De acuerdo a lo anterior podemos concluir que ambos codificadores basaron la regulación de los efectos de los contratos en el Código de Napoleón, en base al principio de libertad reinante en la época y protegieron el valor seguridad jurídica. Consagraron la intangibilidad del contrato al establecer que éstos obligaban a las partes como a la ley misma, aclarando que no solo obligan a lo expresamente previsto sino también a todas las consecuencias que correspondan a su naturaleza conforme a la equidad, el uso o la ley.
II.4. La doctrina clásica
La doctrina y jurisprudencia de ambos países durante el siglo XIX siguió las ideas liberales de la época, y eran contestes en sostener las siguientes ideas fundamentales:
(i) las estipulaciones contractuales prevalecen sobre las disposiciones legales y sobre los usos y costumbres;
(ii) Los jueces deben respetar y cumplir las convenciones tal como si se tratara de la propia ley;
(iii) Los jueces carecen de facultades para modificar los contratos concertados por las partes so pretexto de equidad;
(iv) La libertad de contratar encuentra su límite en la noción de moral y buenas costumbres;
(v) El principio de autonomía de la voluntad es la fuente del desarrollo del comercio.[24]

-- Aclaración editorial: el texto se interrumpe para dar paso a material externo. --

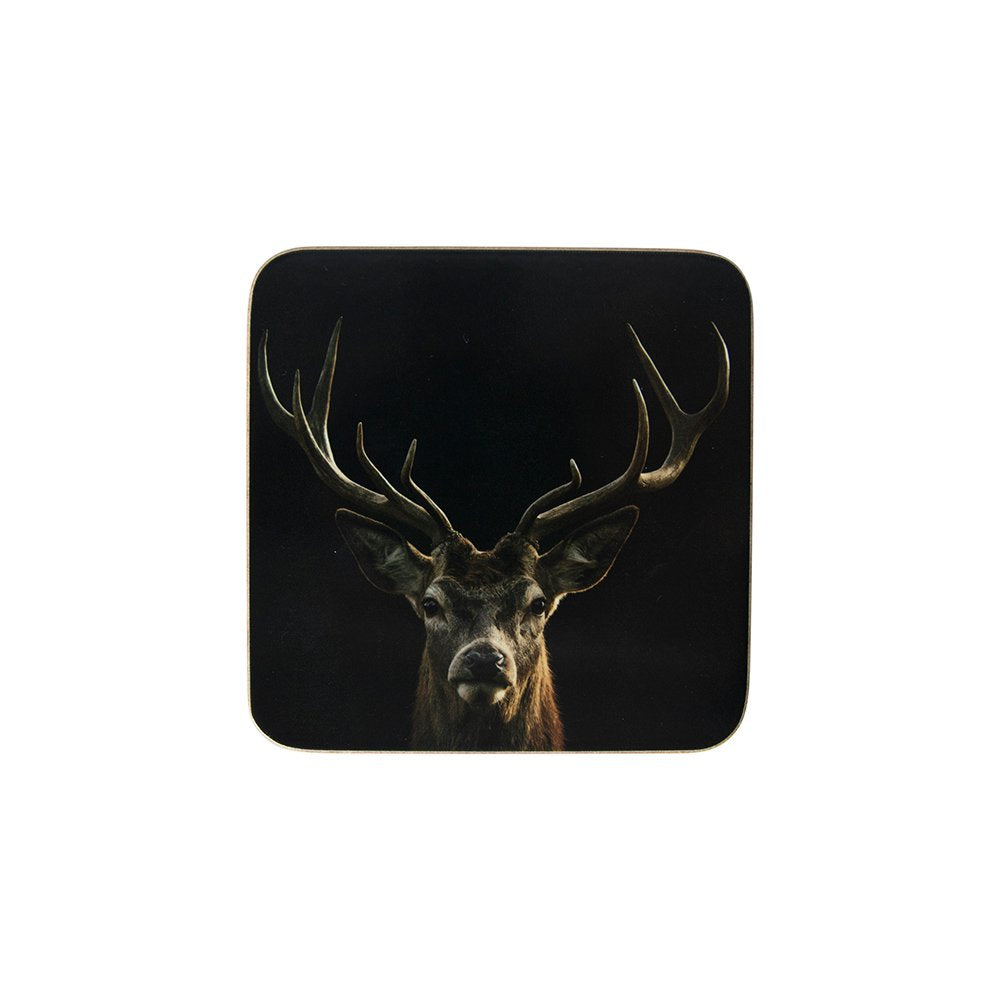 Onderzetter zwart edelhert 10x10cm (6)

III. La buena fe en el Siglo XX. Distanciamiento de la evolución interpretativa [arriba]
Luego de la Primera Guerra Mundial resurge el tema de la revisión de los contratos debido a las profundas alteraciones provocadas en la economía mundial por las dos guerras y el efecto del fenómeno de la inflación que fue en algunos países tan agudo que los legisladores y jueces no podían mantenerse al margen del problema. En ese contexto renace a nivel mundial la teoría de la imprevisión, cuyo origen se encuentra en el derecho romano[25] y había sido olvidada a fines del siglo XVIII debido al triunfo del capitalismo y liberalismo jurídico[26].
La reconstrucción del mundo de la posguerra y las situaciones anormales por las cuales atravesaron las economías de los países en modo directo o indirecto, fueron acontecimientos imprevisibles y extraordinarios que dieron pie a la revisión.[27]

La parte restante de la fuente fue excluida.